** Opening Data listing block **

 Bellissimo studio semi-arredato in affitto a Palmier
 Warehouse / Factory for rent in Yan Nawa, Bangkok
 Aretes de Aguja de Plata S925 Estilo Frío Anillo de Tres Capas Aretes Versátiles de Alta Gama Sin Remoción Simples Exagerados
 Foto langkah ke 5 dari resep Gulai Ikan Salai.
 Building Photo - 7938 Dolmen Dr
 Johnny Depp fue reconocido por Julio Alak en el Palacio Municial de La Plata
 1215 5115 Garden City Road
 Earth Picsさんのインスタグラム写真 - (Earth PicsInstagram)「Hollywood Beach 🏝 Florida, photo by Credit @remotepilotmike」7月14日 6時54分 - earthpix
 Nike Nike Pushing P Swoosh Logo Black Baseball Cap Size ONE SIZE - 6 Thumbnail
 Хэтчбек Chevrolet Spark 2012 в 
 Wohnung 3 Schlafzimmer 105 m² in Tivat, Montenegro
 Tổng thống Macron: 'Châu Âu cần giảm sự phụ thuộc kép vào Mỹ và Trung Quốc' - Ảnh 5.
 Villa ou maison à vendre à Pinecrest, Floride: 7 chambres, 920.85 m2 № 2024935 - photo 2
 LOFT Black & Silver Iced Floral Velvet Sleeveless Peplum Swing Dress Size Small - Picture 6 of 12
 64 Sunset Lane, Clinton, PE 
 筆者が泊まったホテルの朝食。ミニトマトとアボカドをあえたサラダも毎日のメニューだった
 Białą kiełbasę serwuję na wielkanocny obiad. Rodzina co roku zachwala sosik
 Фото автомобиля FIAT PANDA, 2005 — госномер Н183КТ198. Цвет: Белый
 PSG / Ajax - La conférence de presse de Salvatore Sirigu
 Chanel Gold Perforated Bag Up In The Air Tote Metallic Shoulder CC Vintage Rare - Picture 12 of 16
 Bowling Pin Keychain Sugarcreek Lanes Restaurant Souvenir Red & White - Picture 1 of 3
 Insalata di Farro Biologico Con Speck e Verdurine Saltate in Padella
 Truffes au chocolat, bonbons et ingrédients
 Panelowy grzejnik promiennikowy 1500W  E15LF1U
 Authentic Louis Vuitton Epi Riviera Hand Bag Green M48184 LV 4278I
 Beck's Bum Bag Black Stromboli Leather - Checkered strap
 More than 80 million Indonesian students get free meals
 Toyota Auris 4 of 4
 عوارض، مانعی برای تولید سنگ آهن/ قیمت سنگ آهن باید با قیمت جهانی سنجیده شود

** Closing Data listing block **

* _Task instructions_
Each line of the records above that contains the word "Picture" should be counted; give the resulting number without further words.

* _Solution below_
3